Spain was rich in wild horses. The Romans described these as being of moderate size but very fast, with great stamina and beautiful (Treviño, 1986).
Poseidonios thought the Spanish cavalry was superior to Numidian (Treviño, 1986).
Cavalry comprised 20 to 25% of the total army size (Treviño, 1986).
Art shows shieldless cavalry in the 6th-4th centuries and usually shielded after that (Head, 1982). Initially the shield were the smaller caetrata of the Spanish light infantry. In the 3rd-2nd centuries some Spanish cavalry are depicted with a heavier style of equipment, with Montefortino helmets and larger oval or round shields (Head, 2010). This trend could have been Barcid policy to increase the proportion of their cavalry that could stand up to their Roman and Gallic enemies.

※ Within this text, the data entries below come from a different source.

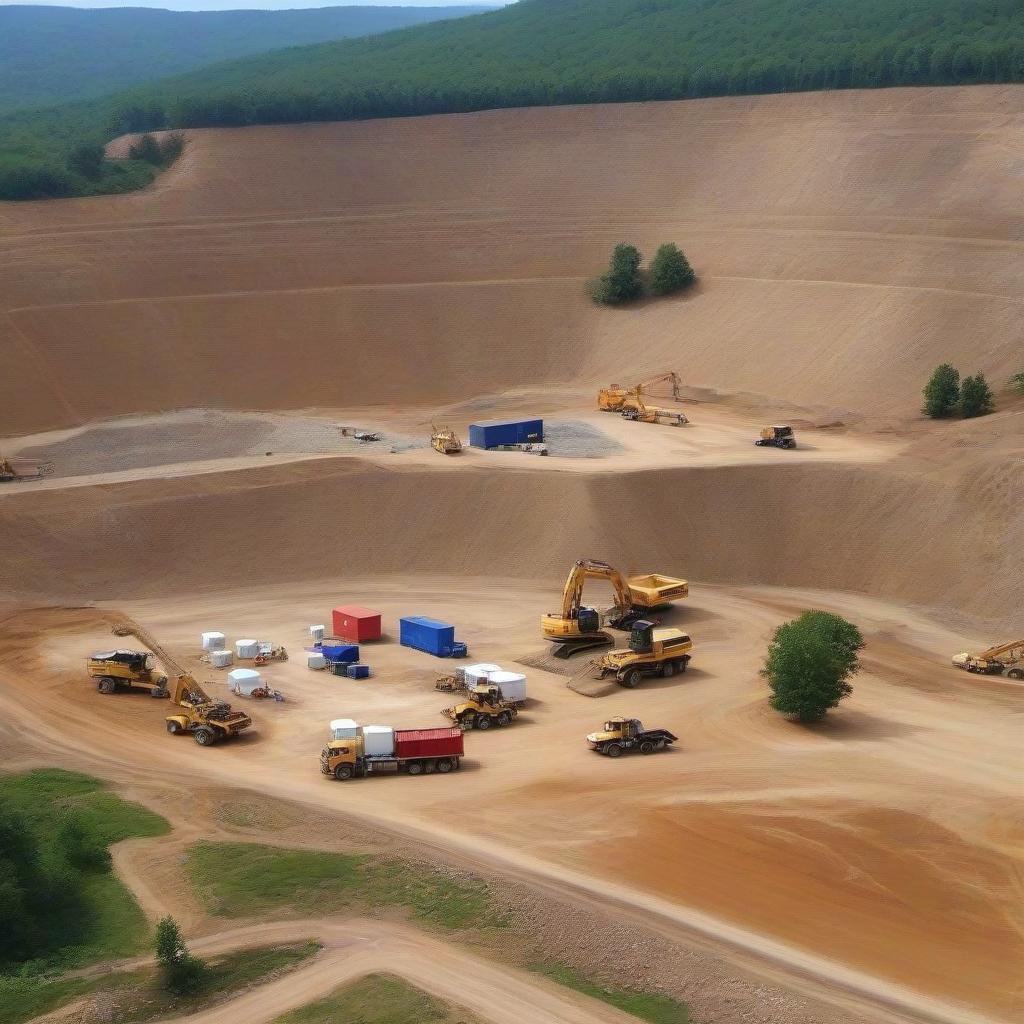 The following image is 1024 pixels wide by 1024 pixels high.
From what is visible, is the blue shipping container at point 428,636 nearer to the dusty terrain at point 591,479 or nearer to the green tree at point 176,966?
the dusty terrain at point 591,479

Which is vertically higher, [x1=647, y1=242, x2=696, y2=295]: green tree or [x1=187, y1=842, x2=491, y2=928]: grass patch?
[x1=647, y1=242, x2=696, y2=295]: green tree

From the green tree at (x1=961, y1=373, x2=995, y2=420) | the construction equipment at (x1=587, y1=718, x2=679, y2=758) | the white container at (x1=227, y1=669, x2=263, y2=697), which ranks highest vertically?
the green tree at (x1=961, y1=373, x2=995, y2=420)

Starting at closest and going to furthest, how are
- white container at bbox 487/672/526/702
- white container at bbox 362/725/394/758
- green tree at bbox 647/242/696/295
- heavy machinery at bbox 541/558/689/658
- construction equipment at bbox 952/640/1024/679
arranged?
1. white container at bbox 362/725/394/758
2. white container at bbox 487/672/526/702
3. construction equipment at bbox 952/640/1024/679
4. heavy machinery at bbox 541/558/689/658
5. green tree at bbox 647/242/696/295

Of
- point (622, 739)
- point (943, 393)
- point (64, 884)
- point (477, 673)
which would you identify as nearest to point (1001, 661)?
point (622, 739)

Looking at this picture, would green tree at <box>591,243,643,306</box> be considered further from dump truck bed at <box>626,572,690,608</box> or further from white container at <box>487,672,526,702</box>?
white container at <box>487,672,526,702</box>

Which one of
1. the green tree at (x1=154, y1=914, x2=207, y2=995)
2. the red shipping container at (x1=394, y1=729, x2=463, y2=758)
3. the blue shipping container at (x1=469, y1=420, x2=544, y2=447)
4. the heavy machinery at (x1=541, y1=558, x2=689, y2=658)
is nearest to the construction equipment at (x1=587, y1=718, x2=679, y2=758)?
the red shipping container at (x1=394, y1=729, x2=463, y2=758)

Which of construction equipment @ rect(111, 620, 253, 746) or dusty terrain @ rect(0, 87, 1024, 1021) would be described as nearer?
dusty terrain @ rect(0, 87, 1024, 1021)

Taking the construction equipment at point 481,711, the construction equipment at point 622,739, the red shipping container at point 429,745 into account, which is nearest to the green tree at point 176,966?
the red shipping container at point 429,745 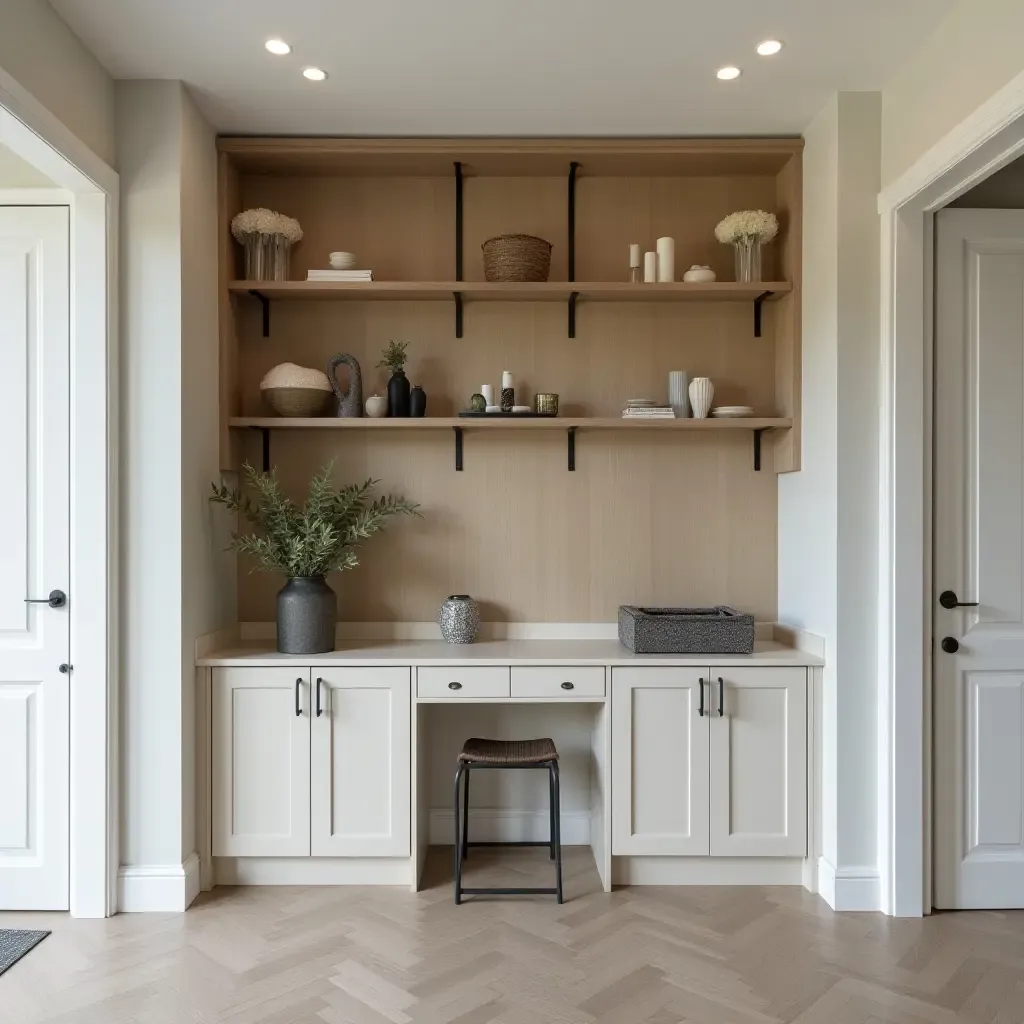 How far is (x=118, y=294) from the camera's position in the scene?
8.80ft

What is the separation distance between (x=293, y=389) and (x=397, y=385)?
1.31 feet

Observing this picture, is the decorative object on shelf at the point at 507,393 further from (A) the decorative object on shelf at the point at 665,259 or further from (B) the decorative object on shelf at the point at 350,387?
(A) the decorative object on shelf at the point at 665,259

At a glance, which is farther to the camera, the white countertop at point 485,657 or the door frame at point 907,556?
the white countertop at point 485,657

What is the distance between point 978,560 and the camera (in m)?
2.72

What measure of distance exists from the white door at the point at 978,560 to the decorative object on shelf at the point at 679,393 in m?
0.89

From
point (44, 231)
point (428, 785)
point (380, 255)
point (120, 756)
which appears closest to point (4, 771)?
point (120, 756)

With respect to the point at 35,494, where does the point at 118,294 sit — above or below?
above

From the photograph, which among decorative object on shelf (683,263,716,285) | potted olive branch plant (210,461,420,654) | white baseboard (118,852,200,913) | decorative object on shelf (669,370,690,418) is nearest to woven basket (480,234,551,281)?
decorative object on shelf (683,263,716,285)

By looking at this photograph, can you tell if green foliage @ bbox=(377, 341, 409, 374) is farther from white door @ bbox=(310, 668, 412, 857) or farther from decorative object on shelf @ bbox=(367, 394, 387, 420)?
white door @ bbox=(310, 668, 412, 857)

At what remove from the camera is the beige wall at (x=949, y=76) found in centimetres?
203

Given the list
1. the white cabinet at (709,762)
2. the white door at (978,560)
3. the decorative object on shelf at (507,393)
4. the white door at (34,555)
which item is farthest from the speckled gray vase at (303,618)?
the white door at (978,560)

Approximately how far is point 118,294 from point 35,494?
2.42ft

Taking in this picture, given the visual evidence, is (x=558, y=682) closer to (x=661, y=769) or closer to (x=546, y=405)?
(x=661, y=769)

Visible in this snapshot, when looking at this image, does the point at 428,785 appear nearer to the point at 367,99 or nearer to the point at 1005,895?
the point at 1005,895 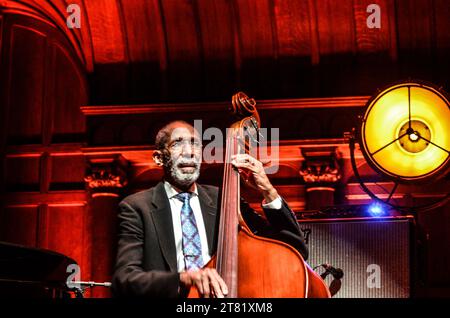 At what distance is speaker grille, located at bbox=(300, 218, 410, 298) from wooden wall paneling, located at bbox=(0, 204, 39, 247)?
11.6 feet

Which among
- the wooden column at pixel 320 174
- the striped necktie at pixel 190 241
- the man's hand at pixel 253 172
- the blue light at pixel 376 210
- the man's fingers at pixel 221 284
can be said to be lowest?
the man's fingers at pixel 221 284

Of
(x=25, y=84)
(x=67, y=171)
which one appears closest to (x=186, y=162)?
(x=67, y=171)

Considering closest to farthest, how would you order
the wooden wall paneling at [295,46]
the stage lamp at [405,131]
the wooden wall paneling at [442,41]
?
the stage lamp at [405,131]
the wooden wall paneling at [442,41]
the wooden wall paneling at [295,46]

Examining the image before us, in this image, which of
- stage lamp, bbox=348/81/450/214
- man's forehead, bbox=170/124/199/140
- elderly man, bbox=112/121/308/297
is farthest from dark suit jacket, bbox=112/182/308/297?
stage lamp, bbox=348/81/450/214

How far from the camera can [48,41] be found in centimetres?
770

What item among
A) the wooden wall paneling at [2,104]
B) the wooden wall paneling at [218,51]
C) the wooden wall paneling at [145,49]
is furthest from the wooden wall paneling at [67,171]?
the wooden wall paneling at [218,51]

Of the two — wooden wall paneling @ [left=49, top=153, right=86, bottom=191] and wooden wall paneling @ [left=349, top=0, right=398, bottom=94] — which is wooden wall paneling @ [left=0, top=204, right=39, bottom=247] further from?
wooden wall paneling @ [left=349, top=0, right=398, bottom=94]

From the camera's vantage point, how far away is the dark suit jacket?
3.06 m

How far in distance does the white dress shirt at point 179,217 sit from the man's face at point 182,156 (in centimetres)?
6

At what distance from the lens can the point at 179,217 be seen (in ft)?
11.1

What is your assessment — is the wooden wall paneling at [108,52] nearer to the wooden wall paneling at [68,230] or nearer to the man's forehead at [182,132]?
the wooden wall paneling at [68,230]

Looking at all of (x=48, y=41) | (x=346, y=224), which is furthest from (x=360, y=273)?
(x=48, y=41)

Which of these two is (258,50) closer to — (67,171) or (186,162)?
(67,171)

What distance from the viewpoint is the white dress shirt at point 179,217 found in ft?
10.8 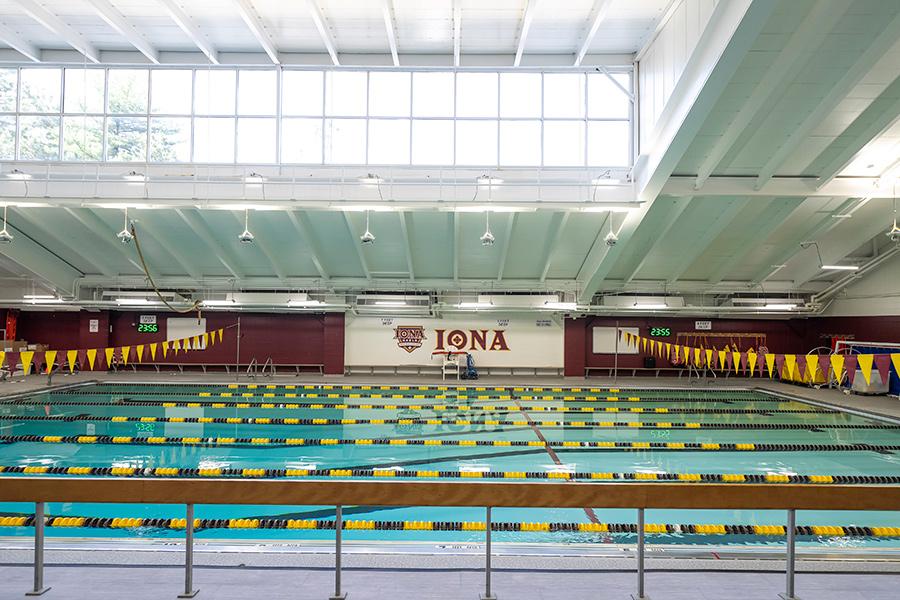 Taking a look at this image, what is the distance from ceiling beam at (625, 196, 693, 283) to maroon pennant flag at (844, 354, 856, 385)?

Clearly this policy (if it was) succeeded as the Spanish were part of Hannibal’s “bridled cavalry and all the heavier part of it” (Polybios III.65.6).
Head, D. (1982). Armies of the Macedonian and Punic wars 359 BC to 146 BC. Wargames Research Group.
Head, D. (2010, September). Zama Battle Day Questions. Slingshot – The Journal of the Society of Ancients, 272, p. 12.
Treviño, R. (1986). Rome’s Enemies (4): Spanish Armies 218 BC – 19 BC. Osprey.